When Alpharetta borrowers begin to fill out their loan application, one very important section asks about income. At first glance, it’s pretty simple, really. There’s a section for base employment income, any overtime, interest and dividend income, the ever-present “other” section and a field for bonus income. As it relates to bonus income, there are some things that need to be reviewed if the borrowers want or need the additional income in order to qualify.
When lenders review income they’re looking for a gross monthly amount and ask that you provide your most recent pay stubs covering a 30 day period. Approval guidelines require there also be a minimum two year employment history. This is typically accomplished by reviewing your last two years of W2 income. Another task regarding income is making the determination the income is likely to continue into the future. With a two year history, it can reasonably be determined it will in fact continue. But now let’s turn to bonus income.
Lenders can indeed use bonus income to help qualify if needed. But the bonus income needs to be consistent both in amount and frequency. A monthly bonus for example can be used and so too can a quarterly bonus be counted. But if someone gets an annual bonus in January and no other bonus income until the following year, it’s likely the lender won’t use that income. Why? Because the bonus money in the bank in January might not be around come August or September.
Bonus income should also be relatively consistent in the amount. A monthly bonus of $100 and the next month $1,000 tells the lender it’s likely the $100 would be more frequent.
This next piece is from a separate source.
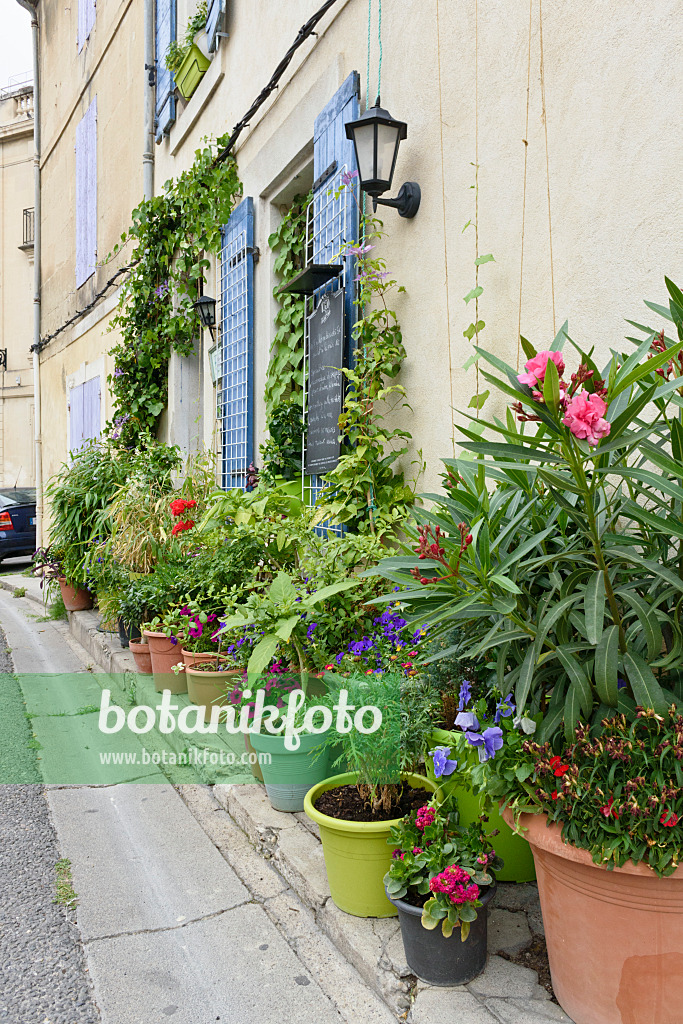 557118 - Container garden, Arles, France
Essentially, if the bonus income is consistent both in terms of frequency and amount, it can be used if necessary.
Finally, if the bonus income exceeds base employment income by more than 25%, the lender will consider the borrowers self-employed and will need two years of income tax returns, a profit and loss statement and other items reserved for the self-employed client.
If you’ve got bonus income and need or want it for qualifying, it’s good advice to speak with your loan officer to see how it can be used and what you’ll need to provide for documentation.